*** RECORDS FOR THE TASK Section Begins ***

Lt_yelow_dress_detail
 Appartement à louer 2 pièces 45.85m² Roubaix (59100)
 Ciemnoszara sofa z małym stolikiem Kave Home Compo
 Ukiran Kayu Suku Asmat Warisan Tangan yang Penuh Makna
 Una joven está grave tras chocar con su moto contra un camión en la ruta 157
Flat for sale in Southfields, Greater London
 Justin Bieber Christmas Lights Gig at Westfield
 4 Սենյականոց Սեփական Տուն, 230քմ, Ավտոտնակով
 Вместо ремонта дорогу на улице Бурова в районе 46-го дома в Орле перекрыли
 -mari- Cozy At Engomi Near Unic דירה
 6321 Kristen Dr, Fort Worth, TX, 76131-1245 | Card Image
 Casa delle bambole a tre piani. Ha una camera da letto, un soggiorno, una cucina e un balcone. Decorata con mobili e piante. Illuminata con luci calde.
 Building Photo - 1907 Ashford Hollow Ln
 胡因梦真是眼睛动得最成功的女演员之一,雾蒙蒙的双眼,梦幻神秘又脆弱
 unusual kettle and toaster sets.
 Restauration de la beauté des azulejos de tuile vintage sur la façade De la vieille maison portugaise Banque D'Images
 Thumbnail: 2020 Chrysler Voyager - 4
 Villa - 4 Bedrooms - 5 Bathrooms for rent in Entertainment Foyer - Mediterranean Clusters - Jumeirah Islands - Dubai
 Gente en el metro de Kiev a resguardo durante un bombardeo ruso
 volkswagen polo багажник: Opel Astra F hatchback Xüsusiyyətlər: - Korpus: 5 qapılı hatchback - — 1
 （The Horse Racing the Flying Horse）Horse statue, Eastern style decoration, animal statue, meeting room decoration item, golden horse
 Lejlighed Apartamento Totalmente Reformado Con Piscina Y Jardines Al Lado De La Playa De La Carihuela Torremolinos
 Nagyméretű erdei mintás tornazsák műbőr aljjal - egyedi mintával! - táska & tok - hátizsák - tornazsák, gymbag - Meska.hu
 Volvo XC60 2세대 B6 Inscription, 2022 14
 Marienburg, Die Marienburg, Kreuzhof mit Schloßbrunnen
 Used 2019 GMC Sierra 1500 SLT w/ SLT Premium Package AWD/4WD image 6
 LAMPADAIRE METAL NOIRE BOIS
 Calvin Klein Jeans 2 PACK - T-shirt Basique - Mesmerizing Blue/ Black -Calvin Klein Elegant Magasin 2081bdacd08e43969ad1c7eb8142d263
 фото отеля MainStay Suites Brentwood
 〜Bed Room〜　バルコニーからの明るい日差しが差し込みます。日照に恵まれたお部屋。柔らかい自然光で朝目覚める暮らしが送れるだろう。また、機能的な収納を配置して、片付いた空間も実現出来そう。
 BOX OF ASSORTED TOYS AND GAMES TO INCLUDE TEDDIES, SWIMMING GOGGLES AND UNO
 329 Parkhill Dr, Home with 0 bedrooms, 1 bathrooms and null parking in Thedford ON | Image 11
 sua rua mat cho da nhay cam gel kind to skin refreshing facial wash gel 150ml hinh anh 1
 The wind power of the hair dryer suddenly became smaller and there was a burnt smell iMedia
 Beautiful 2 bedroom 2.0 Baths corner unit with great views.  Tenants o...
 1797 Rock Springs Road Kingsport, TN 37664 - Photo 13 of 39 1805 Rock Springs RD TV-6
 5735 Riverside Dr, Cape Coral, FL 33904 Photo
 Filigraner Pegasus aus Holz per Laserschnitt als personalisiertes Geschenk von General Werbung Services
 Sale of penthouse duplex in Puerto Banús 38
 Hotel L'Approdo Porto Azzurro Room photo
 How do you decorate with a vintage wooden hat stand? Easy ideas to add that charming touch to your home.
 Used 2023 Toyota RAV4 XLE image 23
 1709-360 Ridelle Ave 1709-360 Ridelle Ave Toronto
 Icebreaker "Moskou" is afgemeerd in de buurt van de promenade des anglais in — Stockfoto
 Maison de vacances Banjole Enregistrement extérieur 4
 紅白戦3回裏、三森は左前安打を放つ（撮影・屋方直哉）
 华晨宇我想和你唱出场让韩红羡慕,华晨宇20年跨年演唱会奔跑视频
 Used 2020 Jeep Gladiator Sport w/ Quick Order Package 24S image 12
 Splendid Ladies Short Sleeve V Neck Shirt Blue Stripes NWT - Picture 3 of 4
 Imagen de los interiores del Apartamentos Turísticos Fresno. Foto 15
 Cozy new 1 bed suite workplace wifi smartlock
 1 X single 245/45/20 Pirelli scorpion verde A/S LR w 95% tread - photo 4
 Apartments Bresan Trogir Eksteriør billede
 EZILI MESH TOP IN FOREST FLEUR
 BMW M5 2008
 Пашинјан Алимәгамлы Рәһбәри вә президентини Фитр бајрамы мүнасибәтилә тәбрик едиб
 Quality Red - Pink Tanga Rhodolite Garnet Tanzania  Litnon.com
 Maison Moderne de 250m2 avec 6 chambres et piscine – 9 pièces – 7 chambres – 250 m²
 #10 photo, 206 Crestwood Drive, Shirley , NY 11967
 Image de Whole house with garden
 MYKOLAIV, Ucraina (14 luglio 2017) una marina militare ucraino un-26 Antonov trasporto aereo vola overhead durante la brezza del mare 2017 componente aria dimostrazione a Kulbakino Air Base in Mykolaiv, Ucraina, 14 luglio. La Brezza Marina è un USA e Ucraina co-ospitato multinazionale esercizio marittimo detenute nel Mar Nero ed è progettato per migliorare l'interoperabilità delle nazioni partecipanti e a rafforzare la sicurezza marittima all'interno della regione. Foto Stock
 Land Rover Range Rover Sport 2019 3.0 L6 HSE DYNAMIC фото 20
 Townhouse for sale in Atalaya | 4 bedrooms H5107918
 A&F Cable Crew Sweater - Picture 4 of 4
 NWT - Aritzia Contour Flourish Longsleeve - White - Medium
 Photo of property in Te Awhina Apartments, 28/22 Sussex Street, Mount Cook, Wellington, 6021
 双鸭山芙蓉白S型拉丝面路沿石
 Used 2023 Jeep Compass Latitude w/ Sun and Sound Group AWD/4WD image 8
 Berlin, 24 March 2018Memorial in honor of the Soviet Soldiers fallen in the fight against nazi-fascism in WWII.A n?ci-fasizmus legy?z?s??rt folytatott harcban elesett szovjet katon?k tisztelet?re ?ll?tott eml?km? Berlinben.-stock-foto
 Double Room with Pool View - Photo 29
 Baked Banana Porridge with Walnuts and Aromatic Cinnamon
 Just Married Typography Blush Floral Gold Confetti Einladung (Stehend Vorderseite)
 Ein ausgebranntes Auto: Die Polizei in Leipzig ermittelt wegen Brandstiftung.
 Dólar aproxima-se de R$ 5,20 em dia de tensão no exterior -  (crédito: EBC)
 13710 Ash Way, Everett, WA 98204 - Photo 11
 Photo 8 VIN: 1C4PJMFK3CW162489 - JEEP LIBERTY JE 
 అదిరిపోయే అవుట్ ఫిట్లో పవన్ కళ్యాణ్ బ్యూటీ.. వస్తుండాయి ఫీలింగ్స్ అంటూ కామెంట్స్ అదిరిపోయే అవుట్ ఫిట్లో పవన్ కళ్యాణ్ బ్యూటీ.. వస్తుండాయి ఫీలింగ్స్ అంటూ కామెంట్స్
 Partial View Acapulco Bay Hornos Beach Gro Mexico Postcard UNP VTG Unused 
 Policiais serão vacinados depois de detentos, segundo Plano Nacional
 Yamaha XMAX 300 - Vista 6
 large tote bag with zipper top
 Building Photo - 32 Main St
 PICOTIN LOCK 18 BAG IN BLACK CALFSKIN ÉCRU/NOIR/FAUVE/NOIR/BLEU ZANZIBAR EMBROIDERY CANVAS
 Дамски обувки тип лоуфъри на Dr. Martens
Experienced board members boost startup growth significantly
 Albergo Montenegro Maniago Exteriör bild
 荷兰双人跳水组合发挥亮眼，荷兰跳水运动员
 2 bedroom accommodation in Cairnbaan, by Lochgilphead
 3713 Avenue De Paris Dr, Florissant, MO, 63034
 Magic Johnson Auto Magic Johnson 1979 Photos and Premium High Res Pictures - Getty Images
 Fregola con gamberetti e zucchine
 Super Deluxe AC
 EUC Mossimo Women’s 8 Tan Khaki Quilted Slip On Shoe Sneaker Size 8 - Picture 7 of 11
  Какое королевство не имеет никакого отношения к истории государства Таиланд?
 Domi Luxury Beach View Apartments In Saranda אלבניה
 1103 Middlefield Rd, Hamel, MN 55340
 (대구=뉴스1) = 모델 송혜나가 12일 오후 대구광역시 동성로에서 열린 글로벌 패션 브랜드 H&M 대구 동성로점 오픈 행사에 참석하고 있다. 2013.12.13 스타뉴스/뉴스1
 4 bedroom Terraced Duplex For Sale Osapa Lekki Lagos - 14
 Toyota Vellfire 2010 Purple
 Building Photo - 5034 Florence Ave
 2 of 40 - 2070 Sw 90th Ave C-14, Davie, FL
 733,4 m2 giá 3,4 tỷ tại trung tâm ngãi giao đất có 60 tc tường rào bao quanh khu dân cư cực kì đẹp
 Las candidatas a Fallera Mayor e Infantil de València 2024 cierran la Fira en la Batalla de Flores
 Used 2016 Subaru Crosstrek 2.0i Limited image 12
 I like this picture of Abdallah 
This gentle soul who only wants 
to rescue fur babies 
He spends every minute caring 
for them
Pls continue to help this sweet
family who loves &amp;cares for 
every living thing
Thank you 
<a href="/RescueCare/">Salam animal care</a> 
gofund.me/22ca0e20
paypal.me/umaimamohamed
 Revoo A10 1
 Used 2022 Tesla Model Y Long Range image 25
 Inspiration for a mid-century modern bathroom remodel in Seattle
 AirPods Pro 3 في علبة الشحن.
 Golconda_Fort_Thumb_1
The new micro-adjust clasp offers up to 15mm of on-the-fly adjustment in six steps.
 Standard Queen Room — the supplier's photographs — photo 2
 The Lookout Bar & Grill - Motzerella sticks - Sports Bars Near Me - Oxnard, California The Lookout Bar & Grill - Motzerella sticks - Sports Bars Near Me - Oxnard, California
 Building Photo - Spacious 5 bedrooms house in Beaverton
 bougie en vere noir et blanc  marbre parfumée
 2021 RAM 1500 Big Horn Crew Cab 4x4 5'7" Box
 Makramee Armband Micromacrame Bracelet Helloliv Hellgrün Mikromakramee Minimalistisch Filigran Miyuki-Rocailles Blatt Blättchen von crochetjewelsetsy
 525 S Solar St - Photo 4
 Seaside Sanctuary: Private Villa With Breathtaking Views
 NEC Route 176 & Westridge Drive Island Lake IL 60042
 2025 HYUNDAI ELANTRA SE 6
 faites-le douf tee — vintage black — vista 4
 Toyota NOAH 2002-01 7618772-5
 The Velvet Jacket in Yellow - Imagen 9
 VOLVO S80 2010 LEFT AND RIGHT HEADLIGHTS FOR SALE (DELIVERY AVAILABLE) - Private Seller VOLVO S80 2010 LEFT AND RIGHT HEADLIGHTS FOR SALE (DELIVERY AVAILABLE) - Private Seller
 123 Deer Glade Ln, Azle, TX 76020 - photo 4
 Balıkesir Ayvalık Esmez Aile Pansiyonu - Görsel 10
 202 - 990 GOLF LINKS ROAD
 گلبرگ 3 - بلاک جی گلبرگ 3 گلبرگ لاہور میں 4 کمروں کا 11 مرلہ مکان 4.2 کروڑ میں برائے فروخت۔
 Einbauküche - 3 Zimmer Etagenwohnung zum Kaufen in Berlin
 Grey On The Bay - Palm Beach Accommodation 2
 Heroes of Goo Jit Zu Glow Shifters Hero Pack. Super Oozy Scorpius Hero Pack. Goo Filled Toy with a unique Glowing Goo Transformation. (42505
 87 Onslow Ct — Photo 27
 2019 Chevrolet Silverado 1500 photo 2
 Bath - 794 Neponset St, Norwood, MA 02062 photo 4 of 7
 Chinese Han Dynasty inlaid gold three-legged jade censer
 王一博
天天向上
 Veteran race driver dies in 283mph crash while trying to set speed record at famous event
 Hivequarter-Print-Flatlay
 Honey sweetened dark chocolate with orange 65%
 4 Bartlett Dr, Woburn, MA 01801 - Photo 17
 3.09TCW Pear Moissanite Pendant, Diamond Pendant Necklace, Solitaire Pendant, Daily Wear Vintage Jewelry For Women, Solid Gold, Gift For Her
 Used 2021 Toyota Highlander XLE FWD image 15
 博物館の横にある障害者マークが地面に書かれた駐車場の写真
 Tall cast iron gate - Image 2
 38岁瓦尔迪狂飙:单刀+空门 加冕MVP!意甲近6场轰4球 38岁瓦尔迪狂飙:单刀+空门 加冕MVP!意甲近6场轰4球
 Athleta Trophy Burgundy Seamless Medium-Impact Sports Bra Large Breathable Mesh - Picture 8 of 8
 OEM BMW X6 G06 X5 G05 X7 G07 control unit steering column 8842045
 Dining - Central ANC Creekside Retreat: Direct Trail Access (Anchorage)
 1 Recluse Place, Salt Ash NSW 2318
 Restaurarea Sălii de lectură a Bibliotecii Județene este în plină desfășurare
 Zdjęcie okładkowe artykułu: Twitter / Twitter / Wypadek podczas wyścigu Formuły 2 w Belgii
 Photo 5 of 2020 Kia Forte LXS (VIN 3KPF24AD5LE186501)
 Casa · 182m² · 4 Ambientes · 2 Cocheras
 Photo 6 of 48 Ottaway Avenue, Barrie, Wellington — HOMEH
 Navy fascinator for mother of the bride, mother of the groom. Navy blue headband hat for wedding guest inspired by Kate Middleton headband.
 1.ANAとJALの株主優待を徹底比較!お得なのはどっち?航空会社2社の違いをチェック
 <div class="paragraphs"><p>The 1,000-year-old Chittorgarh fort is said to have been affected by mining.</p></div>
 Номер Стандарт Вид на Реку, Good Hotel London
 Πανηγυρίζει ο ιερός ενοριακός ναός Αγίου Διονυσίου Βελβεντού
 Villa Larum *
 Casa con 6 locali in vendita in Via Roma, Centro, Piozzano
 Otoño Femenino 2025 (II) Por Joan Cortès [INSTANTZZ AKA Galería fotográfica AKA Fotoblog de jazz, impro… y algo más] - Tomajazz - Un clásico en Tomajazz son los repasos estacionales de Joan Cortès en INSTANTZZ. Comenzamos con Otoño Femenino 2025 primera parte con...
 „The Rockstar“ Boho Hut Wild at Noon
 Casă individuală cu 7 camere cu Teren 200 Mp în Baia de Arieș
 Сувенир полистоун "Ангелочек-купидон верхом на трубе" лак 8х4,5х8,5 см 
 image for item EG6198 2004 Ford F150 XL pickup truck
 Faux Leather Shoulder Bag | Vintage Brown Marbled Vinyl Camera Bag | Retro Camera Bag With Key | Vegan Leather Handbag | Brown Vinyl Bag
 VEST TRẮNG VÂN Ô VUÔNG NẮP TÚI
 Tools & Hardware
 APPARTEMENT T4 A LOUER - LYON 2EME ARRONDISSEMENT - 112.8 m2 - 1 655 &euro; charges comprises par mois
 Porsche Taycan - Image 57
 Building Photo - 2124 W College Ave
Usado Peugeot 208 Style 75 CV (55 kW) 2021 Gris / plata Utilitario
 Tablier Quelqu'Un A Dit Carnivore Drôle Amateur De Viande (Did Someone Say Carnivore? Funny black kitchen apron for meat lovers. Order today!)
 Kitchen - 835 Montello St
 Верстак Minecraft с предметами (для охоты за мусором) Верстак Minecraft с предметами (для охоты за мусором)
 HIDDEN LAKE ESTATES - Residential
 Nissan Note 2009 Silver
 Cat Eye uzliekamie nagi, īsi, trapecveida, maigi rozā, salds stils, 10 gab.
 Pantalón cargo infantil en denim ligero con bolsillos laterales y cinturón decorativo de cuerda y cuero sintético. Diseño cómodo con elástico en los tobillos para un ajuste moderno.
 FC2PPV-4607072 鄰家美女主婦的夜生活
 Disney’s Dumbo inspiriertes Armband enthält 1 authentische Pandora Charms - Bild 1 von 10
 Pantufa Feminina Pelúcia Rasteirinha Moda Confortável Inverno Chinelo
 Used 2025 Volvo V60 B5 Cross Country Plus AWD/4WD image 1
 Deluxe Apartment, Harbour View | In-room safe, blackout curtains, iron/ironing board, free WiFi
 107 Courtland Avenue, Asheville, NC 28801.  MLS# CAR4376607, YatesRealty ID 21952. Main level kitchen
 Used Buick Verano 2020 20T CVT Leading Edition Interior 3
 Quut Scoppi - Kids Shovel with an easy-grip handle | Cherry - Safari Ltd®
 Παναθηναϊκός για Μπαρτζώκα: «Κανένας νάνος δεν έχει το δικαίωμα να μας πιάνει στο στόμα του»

*** RECORDS FOR THE TASK Section Ends ***

REQUIREMENT
Going down from the first line of the entries above, restate each line word for word until the line holding "Casa delle bambole" is done.

RESPONSE TO THE EXERCISE
Lt_yelow_dress_detail
 Appartement à louer 2 pièces 45.85m² Roubaix (59100)
 Ciemnoszara sofa z małym stolikiem Kave Home Compo
 Ukiran Kayu Suku Asmat Warisan Tangan yang Penuh Makna
 Una joven está grave tras chocar con su moto contra un camión en la ruta 157
Flat for sale in Southfields, Greater London
 Justin Bieber Christmas Lights Gig at Westfield
 4 Սենյականոց Սեփական Տուն, 230քմ, Ավտոտնակով
 Вместо ремонта дорогу на улице Бурова в районе 46-го дома в Орле перекрыли
 -mari- Cozy At Engomi Near Unic דירה
 6321 Kristen Dr, Fort Worth, TX, 76131-1245 | Card Image
 Casa delle bambole a tre piani. Ha una camera da letto, un soggiorno, una cucina e un balcone. Decorata con mobili e piante. Illuminata con luci calde.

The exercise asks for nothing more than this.